HOW TO COMPLETE THIS TASK:
Please give the data below again in full, exactly as it stands.

[Extracted data entries]

····················

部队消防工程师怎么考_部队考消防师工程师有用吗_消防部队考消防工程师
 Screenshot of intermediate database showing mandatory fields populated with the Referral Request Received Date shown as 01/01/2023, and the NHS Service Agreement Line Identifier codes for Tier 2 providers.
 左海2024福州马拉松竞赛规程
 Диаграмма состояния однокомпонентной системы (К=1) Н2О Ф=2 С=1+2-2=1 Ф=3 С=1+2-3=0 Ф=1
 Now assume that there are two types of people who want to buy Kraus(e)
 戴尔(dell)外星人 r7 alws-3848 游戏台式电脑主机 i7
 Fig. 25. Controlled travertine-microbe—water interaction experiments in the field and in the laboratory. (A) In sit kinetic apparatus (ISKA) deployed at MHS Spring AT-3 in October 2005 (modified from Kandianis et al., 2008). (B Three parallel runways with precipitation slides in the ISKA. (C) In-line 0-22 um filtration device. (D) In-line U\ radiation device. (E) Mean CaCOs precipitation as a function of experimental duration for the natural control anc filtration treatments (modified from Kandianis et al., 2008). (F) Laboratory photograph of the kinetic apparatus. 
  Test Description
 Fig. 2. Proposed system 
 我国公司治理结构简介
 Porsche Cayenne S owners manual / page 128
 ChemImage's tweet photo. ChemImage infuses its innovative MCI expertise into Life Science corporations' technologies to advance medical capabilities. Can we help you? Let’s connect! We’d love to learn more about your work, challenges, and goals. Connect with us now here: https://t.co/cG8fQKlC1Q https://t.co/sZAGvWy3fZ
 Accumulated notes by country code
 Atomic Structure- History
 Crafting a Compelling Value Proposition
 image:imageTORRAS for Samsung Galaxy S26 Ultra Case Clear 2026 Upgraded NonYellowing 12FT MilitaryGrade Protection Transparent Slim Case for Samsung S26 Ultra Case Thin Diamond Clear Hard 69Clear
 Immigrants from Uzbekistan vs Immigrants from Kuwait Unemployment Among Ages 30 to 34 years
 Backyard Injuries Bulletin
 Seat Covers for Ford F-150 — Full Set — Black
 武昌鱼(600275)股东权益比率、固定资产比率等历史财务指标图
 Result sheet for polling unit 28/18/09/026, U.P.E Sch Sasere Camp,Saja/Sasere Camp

····················

TASK RESPONSE:
部队消防工程师怎么考_部队考消防师工程师有用吗_消防部队考消防工程师
 Screenshot of intermediate database showing mandatory fields populated with the Referral Request Received Date shown as 01/01/2023, and the NHS Service Agreement Line Identifier codes for Tier 2 providers.
 左海2024福州马拉松竞赛规程
 Диаграмма состояния однокомпонентной системы (К=1) Н2О Ф=2 С=1+2-2=1 Ф=3 С=1+2-3=0 Ф=1
 Now assume that there are two types of people who want to buy Kraus(e)
 戴尔(dell)外星人 r7 alws-3848 游戏台式电脑主机 i7
 Fig. 25. Controlled travertine-microbe—water interaction experiments in the field and in the laboratory. (A) In sit kinetic apparatus (ISKA) deployed at MHS Spring AT-3 in October 2005 (modified from Kandianis et al., 2008). (B Three parallel runways with precipitation slides in the ISKA. (C) In-line 0-22 um filtration device. (D) In-line U\ radiation device. (E) Mean CaCOs precipitation as a function of experimental duration for the natural control anc filtration treatments (modified from Kandianis et al., 2008). (F) Laboratory photograph of the kinetic apparatus. 
  Test Description
 Fig. 2. Proposed system 
 我国公司治理结构简介
 Porsche Cayenne S owners manual / page 128
 ChemImage's tweet photo. ChemImage infuses its innovative MCI expertise into Life Science corporations' technologies to advance medical capabilities. Can we help you? Let’s connect! We’d love to learn more about your work, challenges, and goals. Connect with us now here: https://t.co/cG8fQKlC1Q https://t.co/sZAGvWy3fZ
 Accumulated notes by country code
 Atomic Structure- History
 Crafting a Compelling Value Proposition
 image:imageTORRAS for Samsung Galaxy S26 Ultra Case Clear 2026 Upgraded NonYellowing 12FT MilitaryGrade Protection Transparent Slim Case for Samsung S26 Ultra Case Thin Diamond Clear Hard 69Clear
 Immigrants from Uzbekistan vs Immigrants from Kuwait Unemployment Among Ages 30 to 34 years
 Backyard Injuries Bulletin
 Seat Covers for Ford F-150 — Full Set — Black
 武昌鱼(600275)股东权益比率、固定资产比率等历史财务指标图
 Result sheet for polling unit 28/18/09/026, U.P.E Sch Sasere Camp,Saja/Sasere Camp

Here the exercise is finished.